Gordon Campbell | Parliament TV | Parliament Today | Video | Questions Of the Day | Search

 


New Zealand joins diplomatic protest on whaling

Media Statement
18 January 2006

New Zealand joins diplomatic protest on whaling


New Zealand has joined 16 other countries in urging Japan's government to stop killing whales in the Southern Ocean in the name of scientific research.

Two Brazil-led demarches in Tokyo have also asked Japan to recall its whaling fleet from the Southern Ocean.

Duty Minister Jim Anderton said New Zealand had joined with other countries to denounce the Japanese Whale Research Programme (JARPA II) which is expected to take up to 935 minke whales from the Southern Ocean Whale Sanctuary this season.

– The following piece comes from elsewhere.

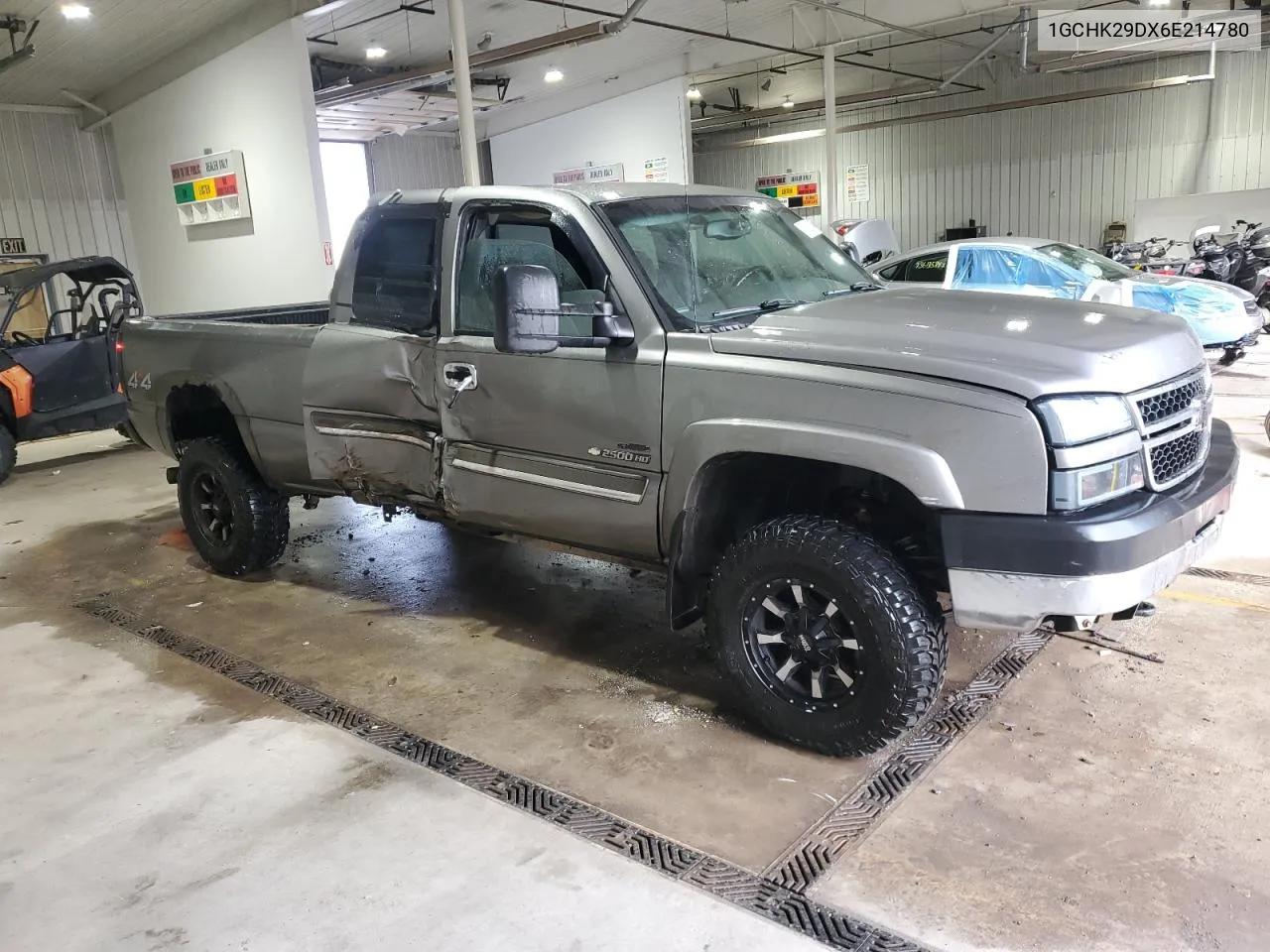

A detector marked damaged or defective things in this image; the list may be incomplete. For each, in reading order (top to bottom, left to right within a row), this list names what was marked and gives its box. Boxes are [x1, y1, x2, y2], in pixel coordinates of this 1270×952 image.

"The New Zealand government is strongly opposed to Japan's 'scientific' whaling programme. There is no scientific justification to use lethal methods to provide information on whale populations.

"Whales are iconic mammals which New Zealanders value highly. Of particular concern are plans by Japan to expand its lethal research programme to include catching and killing endangered humpback and fin whales," Mr Anderton said.

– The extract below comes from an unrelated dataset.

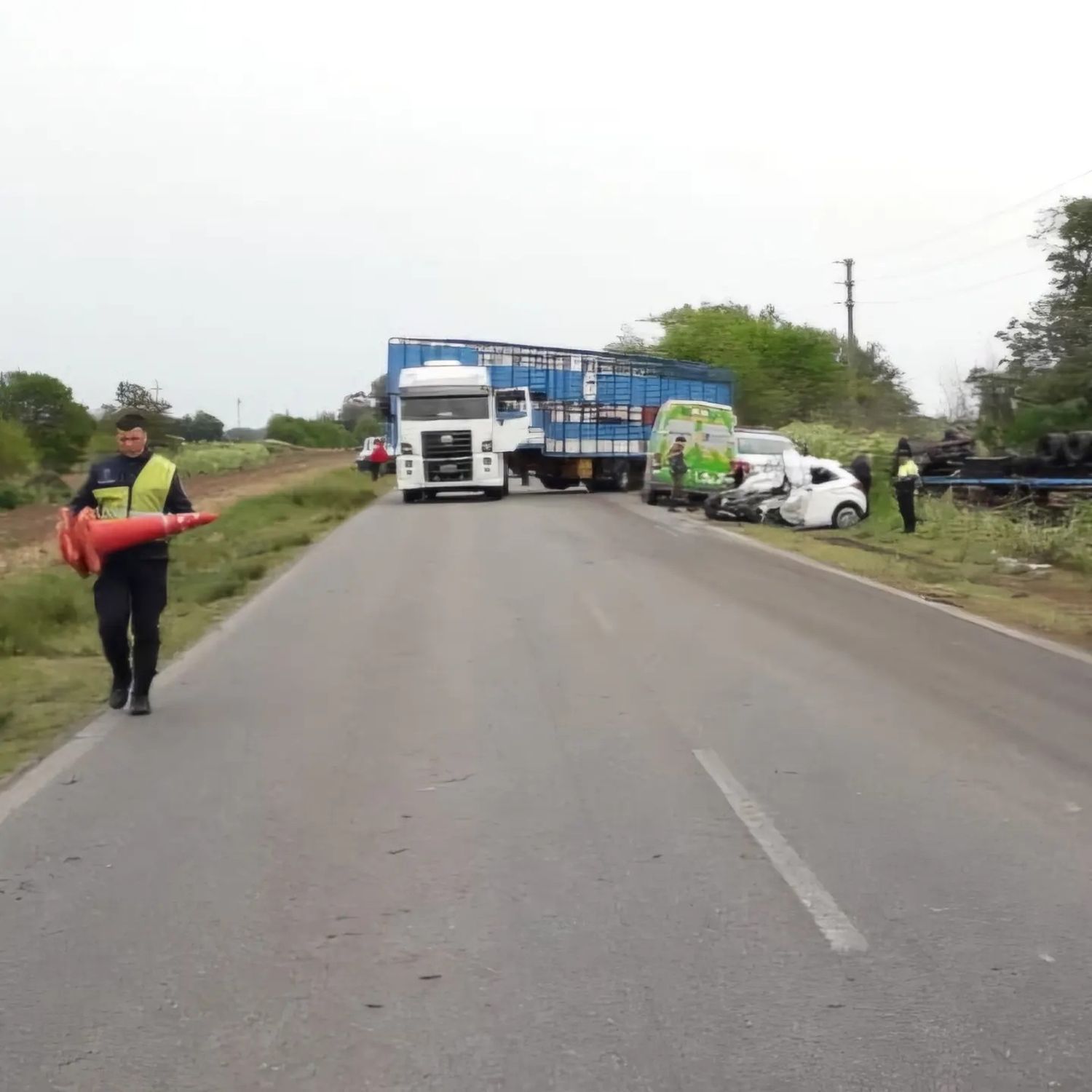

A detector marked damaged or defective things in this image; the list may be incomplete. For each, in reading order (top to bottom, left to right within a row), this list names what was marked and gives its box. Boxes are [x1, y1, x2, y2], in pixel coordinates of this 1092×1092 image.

The first demarche - or diplomatic representation - took place Monday with representatives of 16 governments meeting the Japan Ministry of Foreign Affairs. The second demarche to the Japanese Fisheries Agency takes place Tuesday.

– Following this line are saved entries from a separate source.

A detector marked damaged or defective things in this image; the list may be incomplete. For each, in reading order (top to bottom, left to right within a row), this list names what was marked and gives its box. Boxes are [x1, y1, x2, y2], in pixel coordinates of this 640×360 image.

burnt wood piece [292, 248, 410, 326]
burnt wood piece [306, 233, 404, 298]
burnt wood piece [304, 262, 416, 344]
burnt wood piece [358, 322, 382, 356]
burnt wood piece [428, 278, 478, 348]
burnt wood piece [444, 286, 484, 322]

Mr Anderton said New Zealand would continue to work for an end to whaling under the guise of scientific research.

"New Zealand has been at the forefront of international efforts to prevent whaling, working with other likeminded countries. I expect Conservation Minister Chris Carter will be attending the next meeting of the International Whaling Commission in St Kitts and Nevis in June where New Zealand will again work strongly to preserve the moratorium on commercial whaling and pursue all available channels to cease whaling activities altogether," Mr Anderton said.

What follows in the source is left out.